I in depth mark two pieces of work per student per half term. I also go around EVERY student in EVERY lesson giving verbal feedback. I point out mistakes for them to correct. I make suggestions. I check understanding. I then stamp their work to show we've had a conversation.

I know their strengths and weaknesses much better through actual interaction than marking and my achievement rate is excellent.

A different approach doesn't mean a worse approach. I do it because it gets results.

Gide · 06/02/2018 21:22

We get large stamps made with up to 12 categories. Cross=incorrect, tick=correct, circle=missing this. We then ‘deep mark’ every 3 weeks, comments, examples, model. Kids re-write corrected work. Bit long winded, but I’m fierce when it comes to marking.

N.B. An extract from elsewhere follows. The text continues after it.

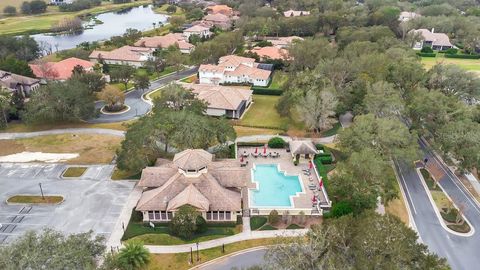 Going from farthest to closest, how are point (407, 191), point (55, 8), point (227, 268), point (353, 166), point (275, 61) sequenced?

Ribena3 · 07/02/2018 16:43

Stamp idea sounds good. At least you know there's been some feedback.

OP posts:
Ribena3 · 07/02/2018 16:51

@Coolaschmoola It's nice to actually know what goes on elsewhere. I can ask now more about verbal feedback since written isn't there in the same way.

The stamps would help me to see as a parent that something is going on. At the moment the work might have the circled wrong answers or underlined. Maybe the corrected answer maybe not and no words. I have no way of knowing there were conversations about the work. They do whole class feedback. I'm generalising...

OP posts:
CocktailsAndDreams · 07/02/2018 16:54

My kids have a mark + WWW (what went well) + EBI (even better if...). Not on every single piece of work but on about 60% of it and almost always on peer marking.